Required action ▸
After locating the line with "Tarjeta Navidad alegre" below, output it and each following line exactly, stopping after the line with "Pink Multi Pattern Vest Top Camila". No pictures.

Records from a collection
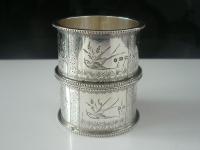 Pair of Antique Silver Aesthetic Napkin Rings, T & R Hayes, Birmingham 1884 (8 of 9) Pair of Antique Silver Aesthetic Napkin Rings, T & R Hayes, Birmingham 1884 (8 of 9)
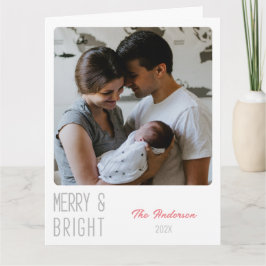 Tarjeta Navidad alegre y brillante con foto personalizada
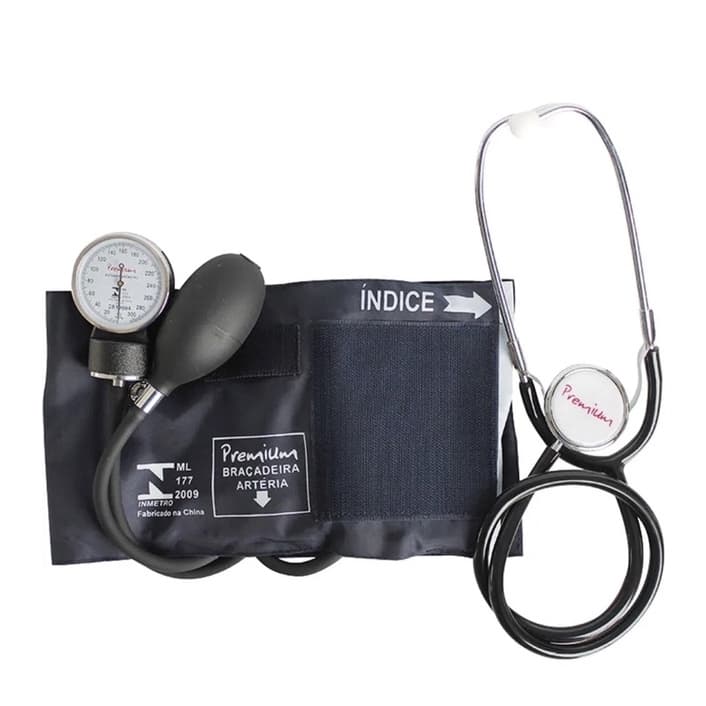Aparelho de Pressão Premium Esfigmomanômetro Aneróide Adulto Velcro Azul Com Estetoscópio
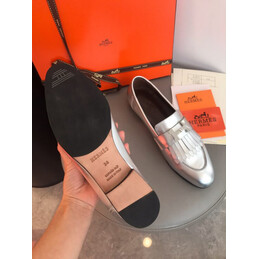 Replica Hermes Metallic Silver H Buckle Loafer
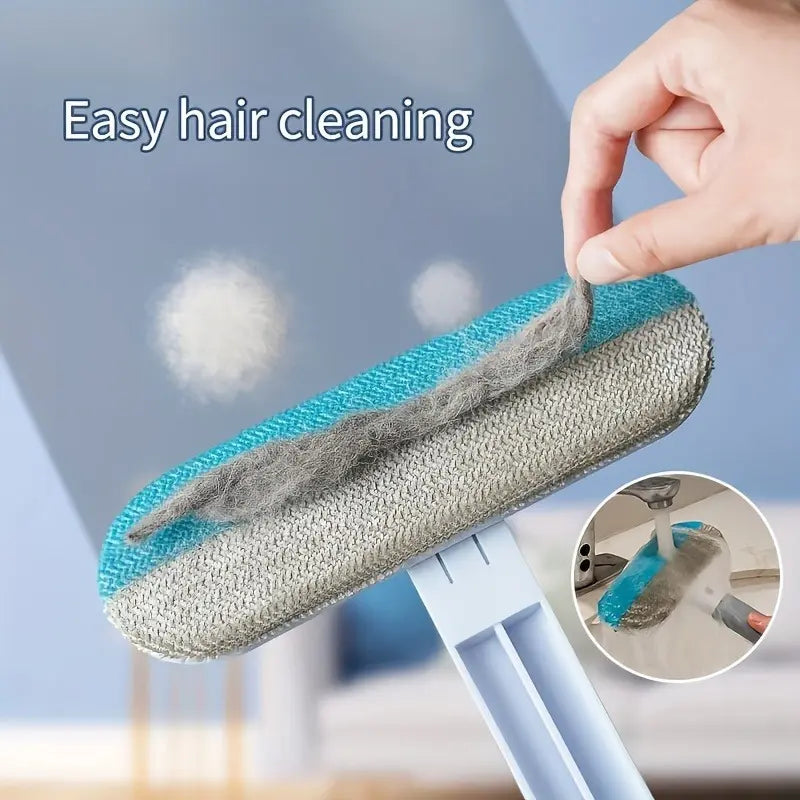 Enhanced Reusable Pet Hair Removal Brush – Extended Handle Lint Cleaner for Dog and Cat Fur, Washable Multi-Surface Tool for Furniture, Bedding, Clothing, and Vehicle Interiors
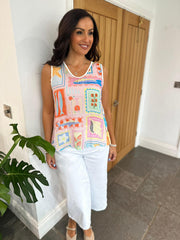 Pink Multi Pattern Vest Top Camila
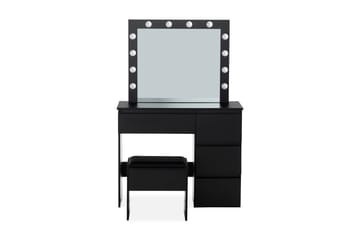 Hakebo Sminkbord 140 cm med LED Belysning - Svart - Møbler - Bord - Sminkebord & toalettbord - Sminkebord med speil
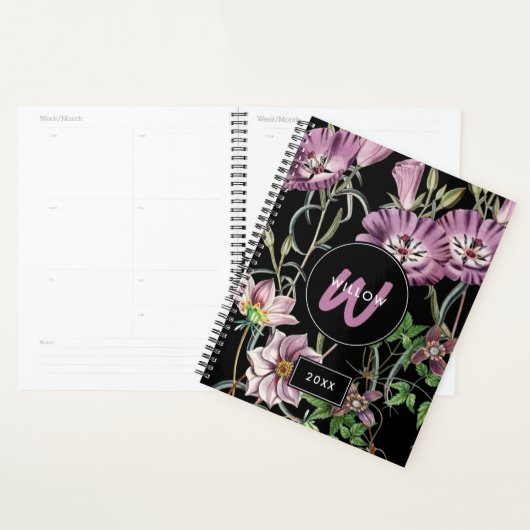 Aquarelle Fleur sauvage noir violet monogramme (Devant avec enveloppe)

Answer to the exercise ▸
 Tarjeta Navidad alegre y brillante con foto personalizada
Aparelho de Pressão Premium Esfigmomanômetro Aneróide Adulto Velcro Azul Com Estetoscópio
 Replica Hermes Metallic Silver H Buckle Loafer
 Enhanced Reusable Pet Hair Removal Brush – Extended Handle Lint Cleaner for Dog and Cat Fur, Washable Multi-Surface Tool for Furniture, Bedding, Clothing, and Vehicle Interiors
 Pink Multi Pattern Vest Top Camila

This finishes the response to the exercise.